Интерес журналистов к диссидентам начался в 1966 году, когда власти устроили «показательный» процесс над Юлием Даниэлем и Андреем Синявским, освещая его в печати, по радио и телевидению. Только увидев, какое большое значение придают этому процессу советские власти, западные журналисты начали много писать о деле Синявского и Даниэля, а затем и о диссидентах вообще. Если бы власти осудили двух писателей без всякого шума, то и западные журналисты в Москве не придали бы никакого значения им. В интересы властей вовсе не входило делать рекламу Синявскому и Даниэлю, но они гораздо раньше и лучше иностранных журналистов поняли, какую опасность для режима представляет инакомыслие, и хотели этим процессом запугать потенциальных диссидентов и одновременно настроить общество против них.
В качестве примера, как «маленькое число мало известных частных граждан в наиболее могущественном тоталитарном государстве» смогло оказать влияние на Запад, г-н Оснос приводит Хельсинкскую группу во главе с Юрием Орловым и добавляет: «Только западные репортеры в Москве могли вывести их так быстро на глаза публики и удерживать ее внимание».
Факты не говорят об этом.
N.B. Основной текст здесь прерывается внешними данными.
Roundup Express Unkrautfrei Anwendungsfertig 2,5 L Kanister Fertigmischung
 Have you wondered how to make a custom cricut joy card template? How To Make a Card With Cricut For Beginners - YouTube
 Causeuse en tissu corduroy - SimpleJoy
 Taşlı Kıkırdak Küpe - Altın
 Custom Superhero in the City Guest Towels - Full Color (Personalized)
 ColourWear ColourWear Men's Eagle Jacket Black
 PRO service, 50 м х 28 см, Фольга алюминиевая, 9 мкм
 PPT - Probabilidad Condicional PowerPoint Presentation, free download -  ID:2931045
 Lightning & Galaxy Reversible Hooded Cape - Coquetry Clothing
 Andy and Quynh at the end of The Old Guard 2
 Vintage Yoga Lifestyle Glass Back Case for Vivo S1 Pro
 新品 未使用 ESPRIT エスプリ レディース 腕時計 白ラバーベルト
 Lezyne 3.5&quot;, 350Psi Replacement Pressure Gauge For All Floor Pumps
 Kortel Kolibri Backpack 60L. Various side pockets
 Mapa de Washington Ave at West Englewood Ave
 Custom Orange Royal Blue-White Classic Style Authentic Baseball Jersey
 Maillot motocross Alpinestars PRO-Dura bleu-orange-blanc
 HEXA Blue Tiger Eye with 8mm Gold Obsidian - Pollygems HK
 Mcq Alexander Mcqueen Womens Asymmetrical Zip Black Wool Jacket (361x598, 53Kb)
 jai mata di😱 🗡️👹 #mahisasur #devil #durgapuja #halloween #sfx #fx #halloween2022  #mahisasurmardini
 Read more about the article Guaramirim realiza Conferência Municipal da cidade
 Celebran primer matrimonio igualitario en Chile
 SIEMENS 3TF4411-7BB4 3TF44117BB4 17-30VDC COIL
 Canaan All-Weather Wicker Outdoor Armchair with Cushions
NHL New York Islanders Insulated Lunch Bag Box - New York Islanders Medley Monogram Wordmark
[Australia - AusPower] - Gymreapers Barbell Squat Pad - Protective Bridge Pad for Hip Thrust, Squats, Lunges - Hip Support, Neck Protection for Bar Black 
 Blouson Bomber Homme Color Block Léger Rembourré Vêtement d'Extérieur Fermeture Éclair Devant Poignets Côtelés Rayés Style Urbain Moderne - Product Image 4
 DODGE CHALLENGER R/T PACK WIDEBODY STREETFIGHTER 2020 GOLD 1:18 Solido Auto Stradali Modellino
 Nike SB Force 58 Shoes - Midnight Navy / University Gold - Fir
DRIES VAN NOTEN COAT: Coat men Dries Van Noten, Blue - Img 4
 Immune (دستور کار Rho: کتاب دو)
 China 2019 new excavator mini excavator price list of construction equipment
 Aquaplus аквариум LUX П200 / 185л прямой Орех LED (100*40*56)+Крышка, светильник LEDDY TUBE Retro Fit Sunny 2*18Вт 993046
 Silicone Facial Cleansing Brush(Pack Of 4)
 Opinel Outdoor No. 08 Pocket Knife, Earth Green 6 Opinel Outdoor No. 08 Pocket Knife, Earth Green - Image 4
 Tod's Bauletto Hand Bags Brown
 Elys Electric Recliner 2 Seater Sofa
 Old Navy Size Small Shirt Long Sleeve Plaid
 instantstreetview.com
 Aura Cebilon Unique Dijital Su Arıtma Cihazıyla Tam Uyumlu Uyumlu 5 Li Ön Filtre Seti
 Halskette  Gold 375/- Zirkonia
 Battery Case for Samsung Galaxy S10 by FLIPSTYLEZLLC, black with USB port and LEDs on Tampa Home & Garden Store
Западные корреспонденты в Москве мало писали о деятельности группы до ареста трех ее членов — Юрия Орлова, Александра Гинзбурга и Анатолия Щаранского, а точнее — до заявлений по этому поводу сначала представителей Госдепартамента, а затем президента Картера. Именно когда этот вопрос — вне всякой зависимости от его освещения иностранными корреспондентами в Москве — стал предметом внимания американской администрации, о нем стала много писать американская пресса. Группа все время имела открытый контакт с комиссией Конгресса США, передавая туда свои документы о нарушении прав человека в СССР.
Мне кажется, что не отвечает фактам и противопоставление г-ном Осносом эмиграции, как он пишет, «основного населения» из Восточной Германии эмиграции из СССР «второклассных национальностей». Эмиграция из СССР носит не только национальный (еврейский и немецкий), но и социальный характер — отъезд интеллигенции, причем многие эмигранты принадлежат к самой верхушке интеллигенции, к гражданам «первого класса», пользуясь терминологией г-на Осноса, и это весьма характерный симптом для больного общества. Кроме того, анализ материалов Хельсинкских групп показывает, что сейчас все большее число русских обращается к властям за разрешением эмигрировать.